The Prometheus Metrics That Actually Predict Outages

The difference between teams that get paged at 3 AM and teams that fix things before users notice is usually not better hardware or more experienced engineers. It is instrumentation that catches problems when they are small.

Most Prometheus setups monitor “is it broken now?” The useful question is “is it trending toward broken?” Here are the metrics and alert patterns that answer that.

The Four Golden Signals (and Their Prediction Variants)

Google SRE’s four golden signals are a starting point, not an ending point. The prediction variants are what actually give you advance warning.

1. Error Rate with Trend Detection

Standard alert: error rate above threshold. Predictive alert: error rate increasing faster than baseline.

# Standard - fires when broken
- alert: HighErrorRate
  expr: rate(http_requests_total{status=~"5.."}[5m]) /
        rate(http_requests_total[5m]) > 0.01

# Predictive - fires when trending up 30 minutes before threshold
- alert: ErrorRateIncreasing
  expr: |
    rate(http_requests_total{status=~"5.."}[5m]) /
    rate(http_requests_total[5m])
    > 3 * (
      rate(http_requests_total{status=~"5.."}[30m]) /
      rate(http_requests_total[30m])
    )
    AND
    rate(http_requests_total{status=~"5.."}[5m]) /
    rate(http_requests_total[5m]) > 0.001
  annotations:
    summary: "Error rate is 3x higher than 30-minute baseline"

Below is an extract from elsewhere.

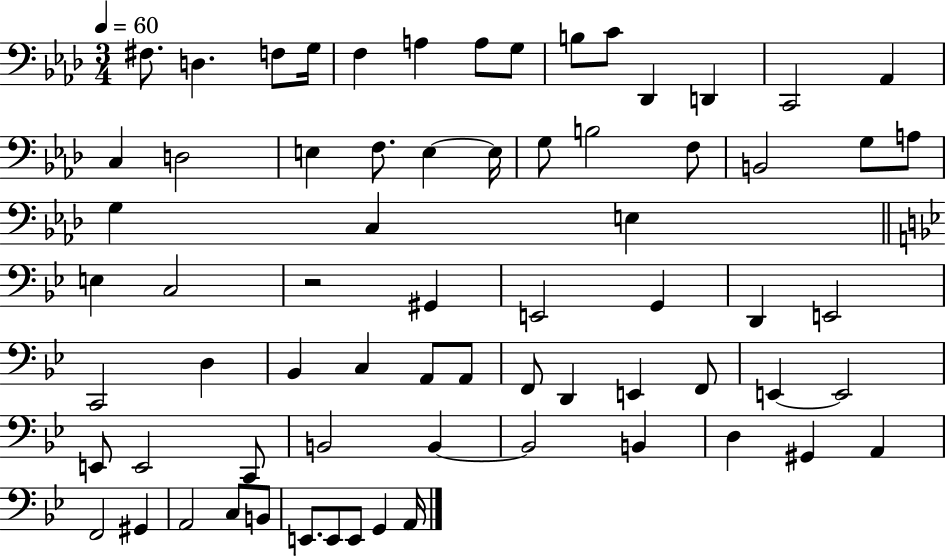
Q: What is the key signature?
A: AES major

This fires when your error rate spikes relative to your recent baseline, even if it has not crossed an absolute threshold. A service going from 0.01% errors to 0.05% errors is a significant change that absolute thresholds often miss.

2. Saturation - Memory Pressure Before OOM

Waiting until a service OOM-kills is too late. Memory pressure shows up in metrics before the crash:

# JVM heap usage trending toward GC pressure
- alert: JvmHeapSaturation
  expr: |
    jvm_memory_used_bytes{area="heap"} /
    jvm_memory_max_bytes{area="heap"} > 0.80
  for: 10m
  annotations:
    summary: "JVM heap above 80% for 10 minutes - GC pressure likely"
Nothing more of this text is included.